Cette 37ᵉ édition a également permis de présenter les orientations de la Stratégie nationale des droits de l’Homme relative au VIH, à la tuberculose et à l’hépatite virale pour la période 2024-2030, élaborée en partenariat avec le Conseil national des droits de l’Homme. Ce cadre stratégique, conjugué au Plan national de lutte contre les addictions, place les droits humains, l’équité d’accès aux soins et l’inclusion sociale au cœur de la politique sanitaire nationale. Le ministère de l’Intérieur, la Justice, la Direction générale de la sûreté nationale, des parlementaires, ainsi que des ONG et acteurs communautaires ont pris part à cette rencontre, illustrant une mobilisation multisectorielle indispensable à la réussite de la riposte.
Au-delà du bilan, les ambitions pour 2030 sont clairement établies. Le Maroc vise à élargir l’accès aux services de prévention à 95 % des populations clés, distribuer 1,6 million de tests de dépistage chaque année — dont 600 000 destinés aux femmes enceintes — et assurer un traitement antirétroviral pour 21 500 personnes vivant avec le VIH. Parallèlement, 4 000 usagers de drogues devraient être intégrés au programme de méthadone, tandis que 165 000 personnes bénéficieront d’interventions préventives adaptées. Le dépistage de l’hépatite virale sera, lui aussi, renforcé, avec un objectif de 2,5 millions de personnes testées et 10 500 patients pris en charge.
La célébration du 1ᵉʳ décembre a été l’occasion pour le ministre de rappeler que la lutte contre le VIH est indissociable de la promotion des droits humains, d’une couverture médicale équitable et d’une mobilisation permanente. Il a également mis en avant la nécessité de valoriser les efforts des équipes médicales, des acteurs associatifs et des institutions partenaires, dont le travail conjoint a permis de consolider les acquis et d’améliorer la qualité de vie des personnes concernées.
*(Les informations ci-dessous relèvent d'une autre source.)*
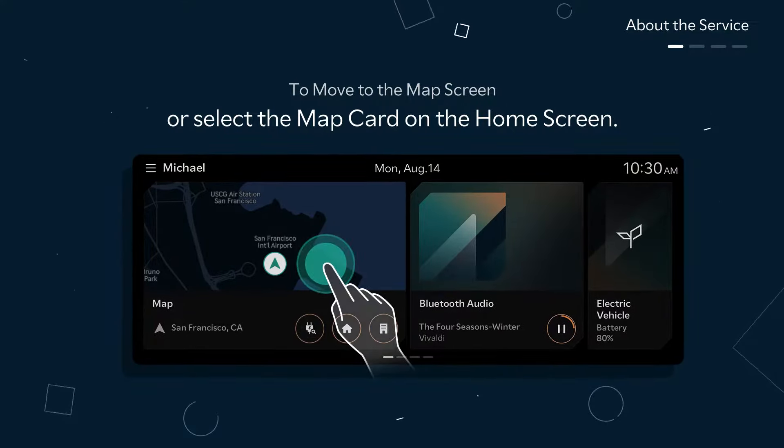Now let's explore how to set a destination. Press the hard search button and enter your desired destination using the keypad to search. Let's select San Francisco International Airport. Then select Set as destination at the bottom of the search result.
Le Maroc continue par ailleurs de garantir l’accès gratuit au dépistage, au suivi médical et aux traitements antirétroviraux dans l’ensemble de ses structures publiques. Une politique qui reflète la volonté du Royaume d’inscrire sa riposte au VIH dans une approche globale : prévention, soins, accompagnement social et respect des droits fondamentaux. Alors que de nouveaux défis se profilent, notamment en matière de couverture des populations marginalisées et de lutte contre les discriminations, les autorités misent sur un engagement collectif et durable pour maintenir la dynamique et atteindre l’objectif d’élimination du VIH à l’horizon 2030.